Haigler asserts in his affidavit that when he returned to loosen Plaintiff's restraints, (Id.). Plaintiff did not ask Haigler to use the restroom. (Id. at ¶ 40). Haigler states that if Plaintiff had asked Haigler to use the restroom, Haigler would have noted it on the Daily Report. (Id.). There is no such notation on Plaintiff's Daily Report. (Doc. 48-10 at 5). Plaintiff's Daily Report log reveals that he had urinated on himself on or before 6:25 p.m. on January 2, 2011. (Doc. 48-2 at ¶ 41; Doc. 48-10 at 5). Haigler was not assigned to Anson N at that time. (Doc. 48-2 at ¶ 41; Doc. 48-9 at 6; 7: Shift Log). A second notation reveals a second urination incident at or before 8:01 p.m. (Doc. 48-10 at 5). Haigler and the nurse had just started medication rounds at 8:01 p.m. and were on the other side of Anson N. (Doc. 48-2 at ¶ 41). Plaintiff's segregation log reveals that after Haigler loosened Plaintiff's handcuffs, correctional personnel checked on Plaintiff four more times. (Id. at ¶ 42; Doc. 48-10 at 5). There is no notation indicating that Plaintiff requested to use the restroom, or any further reports of Plaintiff urinating on himself. (Doc. No. 48-2 at ¶ 42; Doc. 48-10 at 5). During the period Plaintiff was subjected to full restraints, medical personnel checked on his physical condition at his cell on January 1, 2011, at 3:40 p.m. and on January 2, 2011, at an unknown time. (Doc. 48-12 at 2).

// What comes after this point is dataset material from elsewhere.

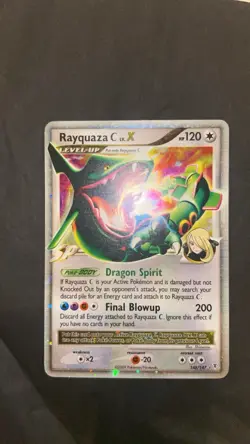 Pokemon TCG Rayquaza C LV.X Holo Card 146/147 Supreme Victors 2009 LP Condition - Image 3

Plaintiff voiced no medical complaint in either instance. (Id.).
In addition to the checks by medical personnel, a nurse also checked Plaintiff on January 2, 2011, at 11:30 p.m., two and one-half hours after Haigler loosened Plaintiff's handcuffs. (Id. at 3). At that time, the nurse found good pulses and capillary refill. (Id.). She was "able to get pinky finger between cuffs and wrist. [Inmate] yelling and belligerent." (Id.). No numbness was detected. (Id.). On January 3, 2011, at 12:30 p.m., a nurse assessed Plaintiff during sick call. She noted a black line near the ankle area with good pulses, pink nail beds, and rapid capillary refill. (Id. at 4). While Plaintiff claimed his foot was numb, his foot flexed in response to stimuli. (Id.). The nurse also noted a small bump on Plaintiff's left wrist, which she treated with an ice pack. (Id.).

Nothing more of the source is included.